Il ne vous a pas échappé que ce référentiel commun a été discuté entre le 15 et le 18, autrement dit le ministère de la Santé et le ministère de l'Intérieur, tandis que les principaux acteurs du 18, mais aussi ses financeurs, l'Assemblée des départements de France et l'Association des maires de France, n'étaient pas présents.
La réaction de mes collègues présidents de SDIS des autres départements, qui pour moitié sont les présidents de conseils généraux eux-mêmes, a été la tentation de rendre à l'État la responsabilité des SDIS. Même si c'est aussi l'état d'esprit du président du conseil général du Gard, je ne pense pas que ce soit forcément la bonne solution : je crains que la prise en charge des SDIS par l'État ne préfigure leur démantèlement progressif et n'aboutisse à leur privatisation.
Je crains que, s'il était mal utilisé, ce référentiel commun ne porte les germes d'un acte III masqué de la décentralisation, aboutissant encore plus à faire peser sur les départements et les communes des charges qui relèvent de l'assurance-maladie.

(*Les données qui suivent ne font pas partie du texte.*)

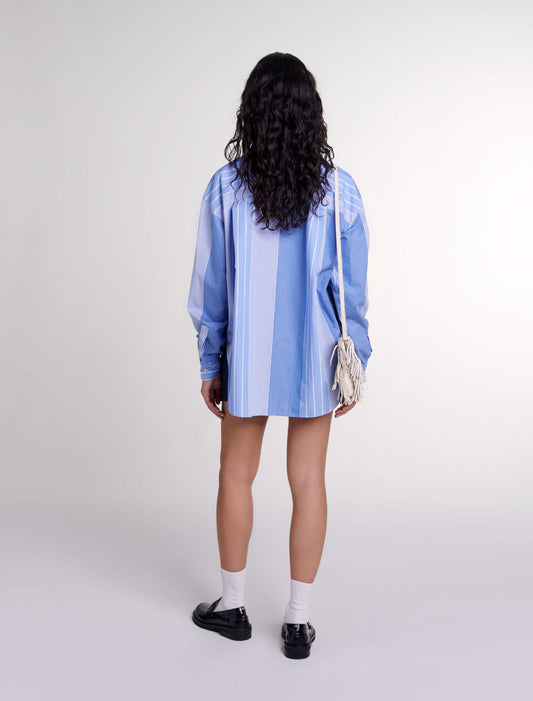 Blue White Stripes  -Striped patchwork shirt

En revanche, monsieur Ginesta, je partage votre point de vue : le dispositif est un capharnaüm sans visibilité et ses différents acteurs ne s'entendent pas. Dans le Gard, j'ai travaillé à y remédier. J'ai rencontré le directeur de l'Agence régionale de l'hospitalisation, l'ARH, mon collègue directeur du SAMU du Gard, le directeur du CHU de Nîmes, et finalement le préfet. Dans la discussion de plus d'une heure et demie que j'ai eue avec le directeur de l'ARH, celui-ci a très vite mis le doigt sur la question cruciale : le 18 remplit des missions qui ne sont pas les siennes. Les sapeurs pompiers le font volontiers. Il est même possible que certains membres de services de santé et de secours médical (les 3SM) s'y complaisent : je le sais par expérience, certains collègues médecins des SDIS ont peut-être voulu y créer des sortes de petits SAMU. Cependant les chiffres sont têtus. Dans le Gard, nous disposons d'un centre de traitement d'appels unique (CTAU) ; la lisibilité des demandes est donc totale. Le nombre de missions effectuées par les SDIS par carence des SAMU est impressionnant : 53 652 depuis 2005. Ces données sont incontestables. Pour clarifier la situation, mes prédécesseurs ont passé en 2004 avec le CHU de Nîmes une convention qui n'a jamais été suivie d'effet. Jamais les missions n'ont été requalifiées, jamais les carences ambulancières ni les bilans secouristes n'ont été payés. Depuis 1996, les missions des SDIS sont les incendies, les inondations, les accidents graves sur la voie publique et les détresses vitales. Le reste n'est pas de leur ressort. Alors que, depuis 2003, une enveloppe significative a été dégagée en faveur des ambulances privées afin de mettre fin aux carences ambulancières, jamais le moindre euro n'est allé vers les SDIS, qui accomplissent pourtant le travail qui incombe au 15 et aux ambulances privées.
Cela ne doit cependant pas demeurer un obstacle : une fois le problème réglé, il faudra travailler. Avec le directeur du SAMU du Gard, nous nous sommes demandé comment améliorer les relations et la coordination entre les « blancs » et les « rouges ». Nous avons pensé à des gardes communes, à des relations plus fréquentes. C'est dans cette optique que j'ai souhaité travailler pour le SDIS.